- Working data:
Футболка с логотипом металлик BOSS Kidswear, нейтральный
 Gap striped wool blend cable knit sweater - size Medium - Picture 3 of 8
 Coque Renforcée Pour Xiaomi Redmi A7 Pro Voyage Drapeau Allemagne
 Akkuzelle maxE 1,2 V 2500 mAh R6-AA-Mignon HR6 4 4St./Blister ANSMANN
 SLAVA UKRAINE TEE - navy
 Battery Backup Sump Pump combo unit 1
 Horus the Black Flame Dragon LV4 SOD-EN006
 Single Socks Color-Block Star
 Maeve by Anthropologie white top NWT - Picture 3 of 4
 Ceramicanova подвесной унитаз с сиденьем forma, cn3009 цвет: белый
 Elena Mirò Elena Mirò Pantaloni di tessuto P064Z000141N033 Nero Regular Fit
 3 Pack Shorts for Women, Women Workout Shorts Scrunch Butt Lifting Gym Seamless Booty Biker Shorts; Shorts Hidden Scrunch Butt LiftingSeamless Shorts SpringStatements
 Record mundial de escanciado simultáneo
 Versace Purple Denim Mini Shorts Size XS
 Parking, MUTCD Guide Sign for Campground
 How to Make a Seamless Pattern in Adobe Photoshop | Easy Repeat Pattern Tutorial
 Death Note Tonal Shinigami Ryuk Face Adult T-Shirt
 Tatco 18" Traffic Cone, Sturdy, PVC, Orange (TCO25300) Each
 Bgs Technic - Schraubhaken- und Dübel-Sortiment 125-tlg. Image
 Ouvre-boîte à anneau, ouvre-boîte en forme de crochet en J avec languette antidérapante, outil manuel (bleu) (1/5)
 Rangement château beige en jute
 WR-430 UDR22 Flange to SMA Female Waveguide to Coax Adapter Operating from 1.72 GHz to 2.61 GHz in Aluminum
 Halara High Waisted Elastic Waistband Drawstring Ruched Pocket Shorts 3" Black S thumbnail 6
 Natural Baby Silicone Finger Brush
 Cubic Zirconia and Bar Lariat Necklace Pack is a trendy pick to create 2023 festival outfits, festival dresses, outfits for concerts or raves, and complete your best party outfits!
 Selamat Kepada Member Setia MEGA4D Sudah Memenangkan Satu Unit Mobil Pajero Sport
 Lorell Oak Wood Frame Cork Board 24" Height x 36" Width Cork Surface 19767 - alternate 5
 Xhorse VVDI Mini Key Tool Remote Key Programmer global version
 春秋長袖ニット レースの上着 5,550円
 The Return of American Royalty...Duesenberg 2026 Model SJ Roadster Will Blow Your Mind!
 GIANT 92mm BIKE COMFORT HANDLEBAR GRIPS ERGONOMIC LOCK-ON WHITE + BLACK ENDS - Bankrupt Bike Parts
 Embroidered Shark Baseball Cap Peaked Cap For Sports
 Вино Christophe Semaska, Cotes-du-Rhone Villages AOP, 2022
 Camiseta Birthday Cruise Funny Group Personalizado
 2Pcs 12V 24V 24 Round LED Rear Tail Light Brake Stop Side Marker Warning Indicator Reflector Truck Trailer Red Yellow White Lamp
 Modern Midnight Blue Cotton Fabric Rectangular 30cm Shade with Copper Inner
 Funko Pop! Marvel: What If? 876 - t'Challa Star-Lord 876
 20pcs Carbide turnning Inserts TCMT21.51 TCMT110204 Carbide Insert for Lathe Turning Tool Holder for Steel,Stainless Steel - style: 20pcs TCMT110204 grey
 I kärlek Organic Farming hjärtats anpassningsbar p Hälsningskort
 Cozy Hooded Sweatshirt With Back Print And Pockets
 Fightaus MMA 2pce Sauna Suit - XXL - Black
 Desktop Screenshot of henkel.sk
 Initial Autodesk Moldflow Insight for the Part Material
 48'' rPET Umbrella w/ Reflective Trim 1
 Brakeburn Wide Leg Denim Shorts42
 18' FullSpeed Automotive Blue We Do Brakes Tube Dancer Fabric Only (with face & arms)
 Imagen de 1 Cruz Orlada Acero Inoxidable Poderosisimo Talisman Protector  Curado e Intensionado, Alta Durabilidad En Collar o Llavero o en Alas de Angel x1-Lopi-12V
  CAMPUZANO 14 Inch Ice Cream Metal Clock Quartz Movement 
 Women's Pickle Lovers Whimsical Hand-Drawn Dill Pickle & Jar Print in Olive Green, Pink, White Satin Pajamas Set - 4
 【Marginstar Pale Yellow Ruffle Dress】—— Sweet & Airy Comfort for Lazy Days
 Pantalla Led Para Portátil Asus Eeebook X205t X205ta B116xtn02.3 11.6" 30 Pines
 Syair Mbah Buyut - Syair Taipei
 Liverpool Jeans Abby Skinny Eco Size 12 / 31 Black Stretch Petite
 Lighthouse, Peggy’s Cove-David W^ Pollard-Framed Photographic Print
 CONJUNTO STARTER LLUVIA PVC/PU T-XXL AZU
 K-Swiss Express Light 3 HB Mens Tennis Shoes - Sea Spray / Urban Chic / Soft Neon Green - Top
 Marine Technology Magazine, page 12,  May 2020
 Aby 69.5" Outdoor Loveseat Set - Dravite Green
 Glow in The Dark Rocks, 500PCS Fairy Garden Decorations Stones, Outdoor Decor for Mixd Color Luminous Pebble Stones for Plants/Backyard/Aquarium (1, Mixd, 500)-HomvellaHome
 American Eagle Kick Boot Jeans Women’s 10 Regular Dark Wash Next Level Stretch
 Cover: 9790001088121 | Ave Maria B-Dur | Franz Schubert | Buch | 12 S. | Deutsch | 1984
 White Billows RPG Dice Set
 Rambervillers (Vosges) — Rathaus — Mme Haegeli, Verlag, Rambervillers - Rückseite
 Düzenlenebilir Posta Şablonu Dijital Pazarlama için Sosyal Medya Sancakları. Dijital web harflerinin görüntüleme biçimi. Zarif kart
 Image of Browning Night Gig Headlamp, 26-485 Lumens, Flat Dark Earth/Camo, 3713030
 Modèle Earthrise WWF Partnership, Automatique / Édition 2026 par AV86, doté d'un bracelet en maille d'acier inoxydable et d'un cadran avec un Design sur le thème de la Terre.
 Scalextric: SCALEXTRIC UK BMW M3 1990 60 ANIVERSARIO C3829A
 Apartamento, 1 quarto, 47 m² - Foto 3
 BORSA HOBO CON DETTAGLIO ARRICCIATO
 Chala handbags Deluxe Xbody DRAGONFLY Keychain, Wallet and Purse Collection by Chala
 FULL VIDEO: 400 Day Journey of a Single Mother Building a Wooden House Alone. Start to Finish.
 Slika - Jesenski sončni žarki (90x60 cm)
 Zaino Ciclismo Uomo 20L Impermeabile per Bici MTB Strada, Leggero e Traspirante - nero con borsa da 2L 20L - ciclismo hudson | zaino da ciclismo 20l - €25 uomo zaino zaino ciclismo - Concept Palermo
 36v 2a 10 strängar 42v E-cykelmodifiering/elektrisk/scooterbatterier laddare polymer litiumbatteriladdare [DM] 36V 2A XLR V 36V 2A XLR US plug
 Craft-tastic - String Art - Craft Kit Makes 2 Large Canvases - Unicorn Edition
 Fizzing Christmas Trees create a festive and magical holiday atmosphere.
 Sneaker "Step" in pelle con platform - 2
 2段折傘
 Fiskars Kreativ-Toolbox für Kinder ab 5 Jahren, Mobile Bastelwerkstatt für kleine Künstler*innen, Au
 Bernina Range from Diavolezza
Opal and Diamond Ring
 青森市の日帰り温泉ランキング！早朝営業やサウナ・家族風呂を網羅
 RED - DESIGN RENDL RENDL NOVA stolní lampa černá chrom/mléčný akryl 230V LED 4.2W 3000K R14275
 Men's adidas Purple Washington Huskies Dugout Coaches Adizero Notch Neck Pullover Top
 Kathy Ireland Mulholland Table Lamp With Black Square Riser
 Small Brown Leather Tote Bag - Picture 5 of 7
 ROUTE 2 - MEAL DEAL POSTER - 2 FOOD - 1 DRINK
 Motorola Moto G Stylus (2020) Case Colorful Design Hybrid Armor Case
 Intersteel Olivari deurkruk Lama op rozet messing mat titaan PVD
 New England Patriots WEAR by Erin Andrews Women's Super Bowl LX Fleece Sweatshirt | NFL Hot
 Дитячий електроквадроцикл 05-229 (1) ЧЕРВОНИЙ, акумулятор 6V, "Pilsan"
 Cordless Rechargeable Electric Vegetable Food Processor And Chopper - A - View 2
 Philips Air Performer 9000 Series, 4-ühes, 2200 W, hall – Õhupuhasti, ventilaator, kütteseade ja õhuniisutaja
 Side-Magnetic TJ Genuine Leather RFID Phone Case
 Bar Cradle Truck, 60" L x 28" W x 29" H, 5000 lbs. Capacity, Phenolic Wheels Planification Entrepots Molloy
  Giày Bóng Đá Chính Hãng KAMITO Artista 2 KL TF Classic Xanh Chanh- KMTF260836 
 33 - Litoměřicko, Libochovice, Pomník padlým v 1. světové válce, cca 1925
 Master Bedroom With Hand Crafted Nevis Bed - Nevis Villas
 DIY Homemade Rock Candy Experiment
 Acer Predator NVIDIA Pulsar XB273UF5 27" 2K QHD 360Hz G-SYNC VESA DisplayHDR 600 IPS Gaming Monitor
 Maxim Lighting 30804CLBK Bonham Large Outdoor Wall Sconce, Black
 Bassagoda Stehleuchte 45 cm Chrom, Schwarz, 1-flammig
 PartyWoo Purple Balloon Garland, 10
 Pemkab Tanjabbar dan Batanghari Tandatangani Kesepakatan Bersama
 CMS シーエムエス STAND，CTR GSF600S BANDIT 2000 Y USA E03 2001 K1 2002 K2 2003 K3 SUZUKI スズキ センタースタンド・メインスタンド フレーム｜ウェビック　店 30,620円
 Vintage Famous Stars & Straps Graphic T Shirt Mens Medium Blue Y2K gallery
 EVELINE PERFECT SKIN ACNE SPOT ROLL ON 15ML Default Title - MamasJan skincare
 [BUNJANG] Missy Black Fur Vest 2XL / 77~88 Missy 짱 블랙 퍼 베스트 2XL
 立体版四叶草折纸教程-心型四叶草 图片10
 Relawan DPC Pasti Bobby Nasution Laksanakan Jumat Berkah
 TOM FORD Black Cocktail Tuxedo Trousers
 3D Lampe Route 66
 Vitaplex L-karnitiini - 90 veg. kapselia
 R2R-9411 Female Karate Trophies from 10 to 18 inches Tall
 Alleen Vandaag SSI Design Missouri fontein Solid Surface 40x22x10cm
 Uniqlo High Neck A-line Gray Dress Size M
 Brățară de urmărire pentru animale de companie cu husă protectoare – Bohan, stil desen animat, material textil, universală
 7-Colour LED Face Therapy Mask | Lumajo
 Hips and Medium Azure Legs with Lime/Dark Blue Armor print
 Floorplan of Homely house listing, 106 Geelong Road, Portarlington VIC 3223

- The problem: Scan the material for "avec" and copy the lines that hold it.

- Expected output:
 Ouvre-boîte à anneau, ouvre-boîte en forme de crochet en J avec languette antidérapante, outil manuel (bleu) (1/5)
 Modèle Earthrise WWF Partnership, Automatique / Édition 2026 par AV86, doté d'un bracelet en maille d'acier inoxydable et d'un cadran avec un Design sur le thème de la Terre.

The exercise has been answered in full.